Only the lines from the start of the data to the line containing "May include: A", both included, should be output, exactly and without pictures.

***** Exercise input *****

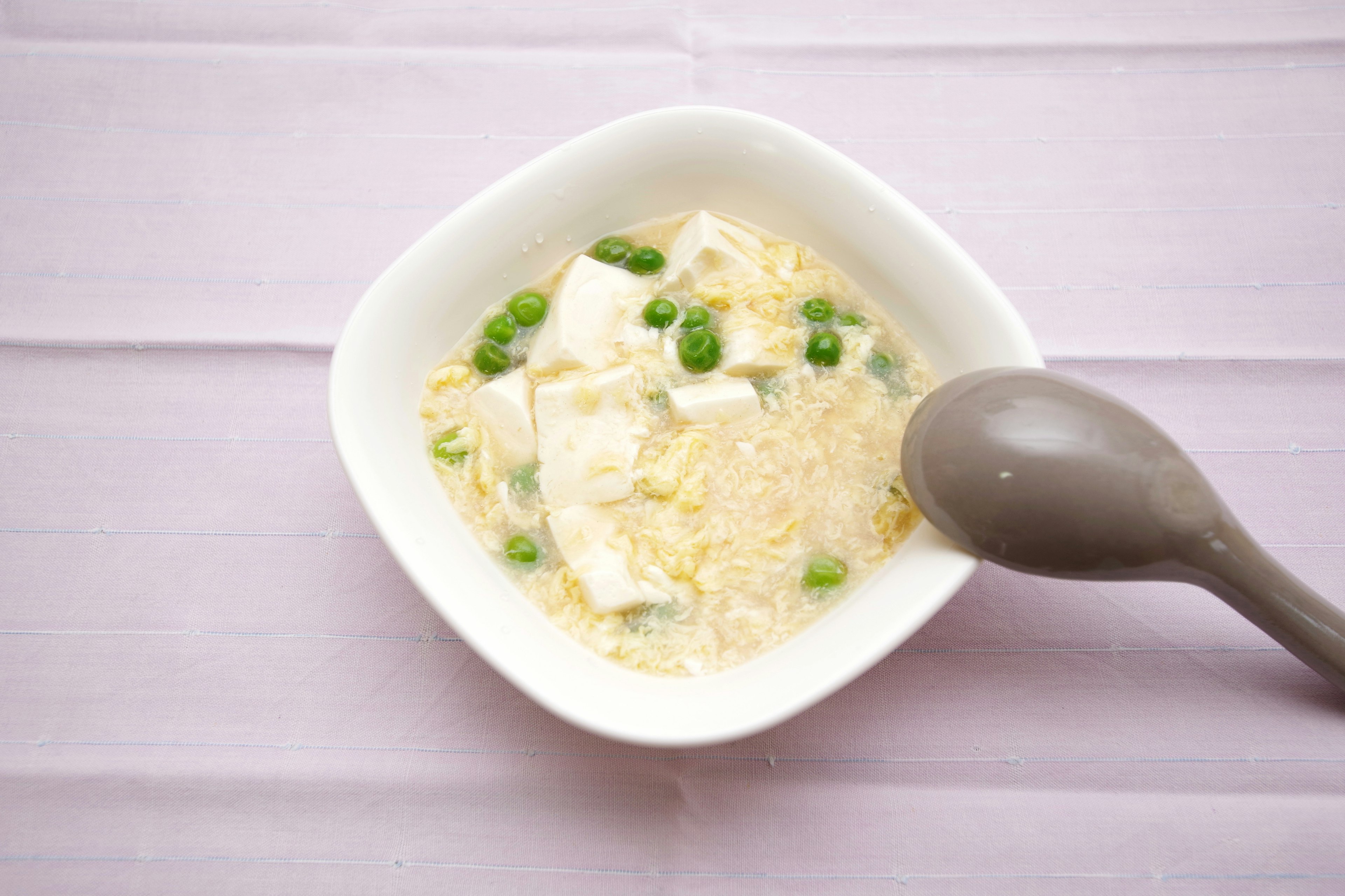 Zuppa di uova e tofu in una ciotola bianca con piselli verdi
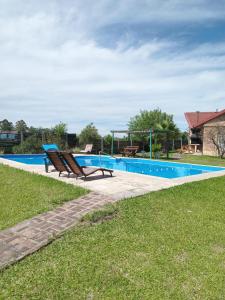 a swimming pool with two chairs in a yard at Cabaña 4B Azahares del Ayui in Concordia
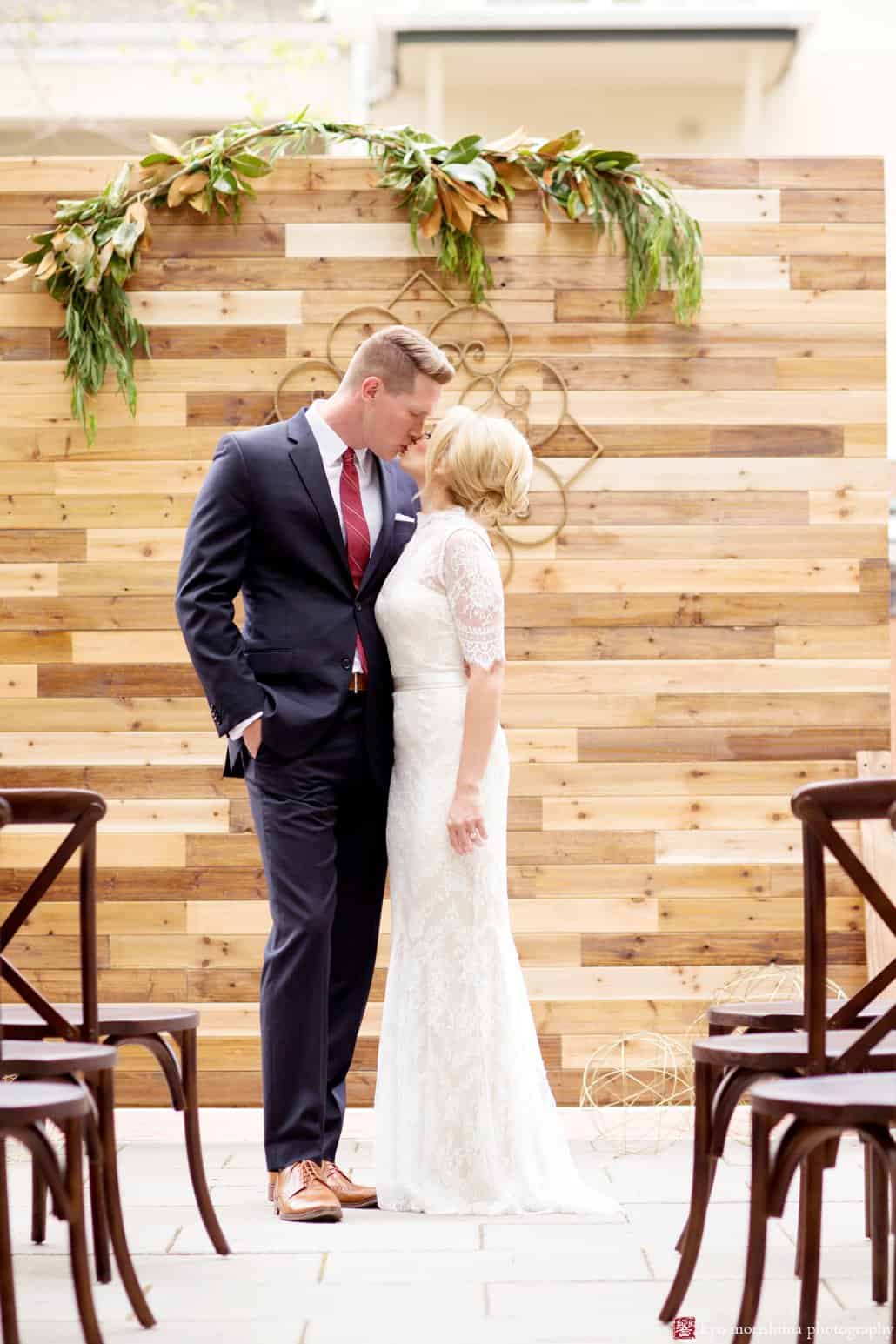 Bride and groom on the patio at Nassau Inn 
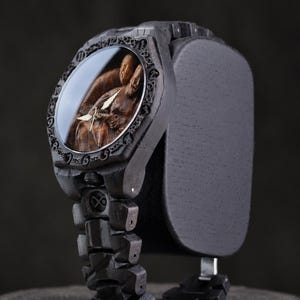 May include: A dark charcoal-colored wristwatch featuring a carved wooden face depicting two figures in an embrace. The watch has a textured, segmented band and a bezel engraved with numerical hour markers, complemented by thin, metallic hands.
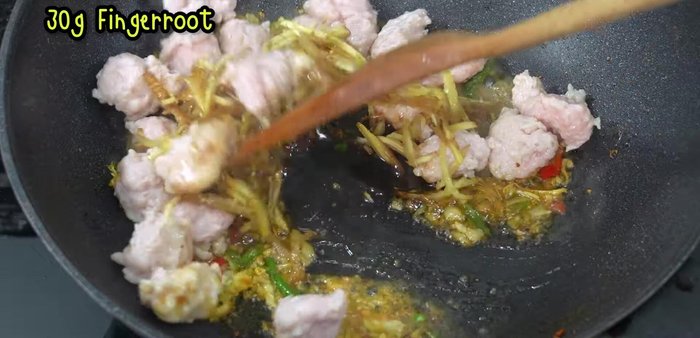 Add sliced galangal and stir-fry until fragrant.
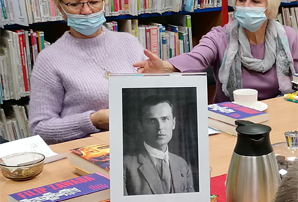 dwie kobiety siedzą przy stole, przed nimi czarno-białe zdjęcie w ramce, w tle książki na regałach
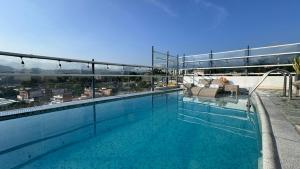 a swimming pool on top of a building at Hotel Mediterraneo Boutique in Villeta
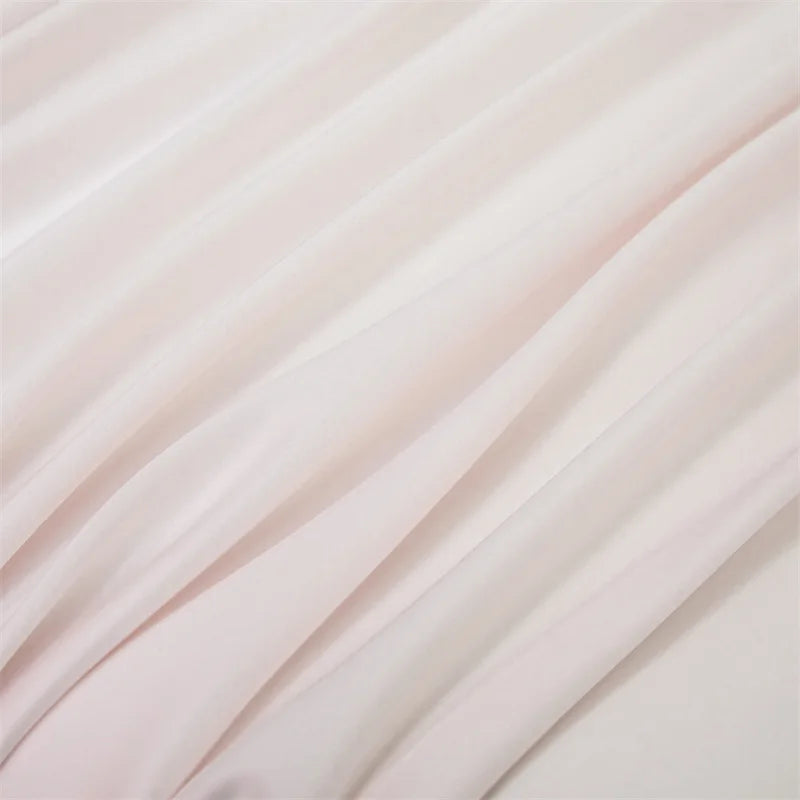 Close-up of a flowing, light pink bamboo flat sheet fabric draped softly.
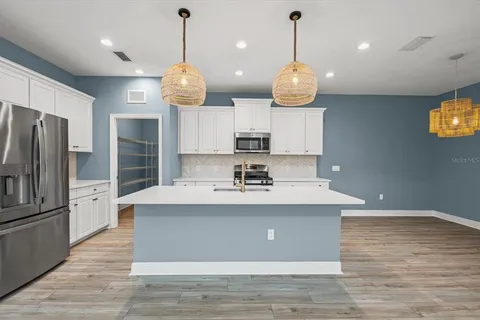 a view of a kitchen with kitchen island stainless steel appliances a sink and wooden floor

*****

◆ **Answer to this exercise**:
 Zuppa di uova e tofu in una ciotola bianca con piselli verdi
 a swimming pool with two chairs in a yard at Cabaña 4B Azahares del Ayui in Concordia
 Bride and groom on the patio at Nassau Inn 
 May include: A dark charcoal-colored wristwatch featuring a carved wooden face depicting two figures in an embrace. The watch has a textured, segmented band and a bezel engraved with numerical hour markers, complemented by thin, metallic hands.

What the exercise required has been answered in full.